News & Events / EPA Releases Final Decision Denying California’s Waiver Request
EPA Releases Final Decision Denying California’s Waiver Request
Beveridge & Diamond, P.C., March 3, 2008
On February 29, 2008, the U.S. Environmental Protection Agency (EPA) released its final decision denying California’s request for a waiver of preemption for its motor vehicle greenhouse gas (GHG) emissions standards. EPA, Federal Register Notice of Decision Denying a Waiver of Clean Air Act Preemption for California’s 2009 and Subsequent Model Year Greenhouse Gas Emission Standards for New Motor Vehicles (February 29, 2008) (Waiver Denial). Although EPA had already alerted California to its decision to deny the request, this document represents the Agency’s “final action” and “reflects EPA’s entire decision to deny the waiver.” Id. at 6, n. 8. EPA based its decision on a finding that there are no “compelling and extraordinary conditions” in California to warrant a state-specific GHG emission standard.
California submitted its waiver request pursuant to Section 209(b) of the Clean Air Act (“CAA”), which prohibits states from adopting emission standards for new motor vehicles or motor vehicle engines but provides a mechanism for a state to adopt such standards if it obtains a waiver from EPA. California was seeking such a waiver to implement its 2002 motor vehicle emissions law, which requires automakers to cut GHG emissions starting with the 2009 model year by 25 per cent from cars and light trucks and by 18 per cent from sport utility vehicles. Under CAA Section 209(b)(1), EPA may not grant a waiver if it finds that: (A) a state’s determination that its emissions standard would be at least as protective of public health and welfare as applicable federal standards was arbitrary and capricious; (B) the state does not need its GHG standards to meet “compelling and extraordinary conditions”; or (C) the state’s standards are inconsistent with CAA Section 202(a), the federal motor vehicle emission standards. EPA denied the waiver for California’s GHG emissions standards on the basis of the “compelling and extraordinary conditions” criteria. See Waiver Denial at 7.1
EPA first rejected California’s argument that, because EPA previously determined that California needs its own motor vehicle emission standards program to address compelling circumstances, EPA need not consider whether California needs the particular standards at issue in this waiver request. Instead, EPA reasoned that California’s GHG program was designed to address a wholly different problem than California’s previous motor vehicle emission programs, which targeted local air pollution problems.
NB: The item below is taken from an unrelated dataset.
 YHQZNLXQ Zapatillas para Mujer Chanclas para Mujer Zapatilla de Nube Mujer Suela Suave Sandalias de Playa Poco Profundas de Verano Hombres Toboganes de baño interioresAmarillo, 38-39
Therefore, EPA concluded that it must review the purpose of Section 209(b)(1)(B) as applied to the “new circumstance of California’s intent to regulate greenhouse gases.” Id. at 13.
Acknowledging that EPA’s Section 209(b)(1)(B) review has been fairly cursory in the past, EPA asserted that this was largely because “the fundamental factors leading to air pollution problems … have not changed over time and over different local and regional air pollutants” and that these “fundamental factors” (namely topography, climate, and number of cars) have not changed for California’s local and regional air pollution problems. Id. at 16. By contrast, EPA concluded that the “fundamental factors” perform a different “causal function” with respect to the issue of elevated concentrations of GHG. Id. at 17. Therefore, EPA would not apply its historical approach to considering waiver requests for local or regional air pollution problems to California’s GHG emissions program. Id. at 18. EPA also reviewed the legislative history of the CAA and determined that it further supported considering the GHG emissions program separately from California’s current motor vehicle emissions program, which is designed to address local and regional problems. Id. at 20.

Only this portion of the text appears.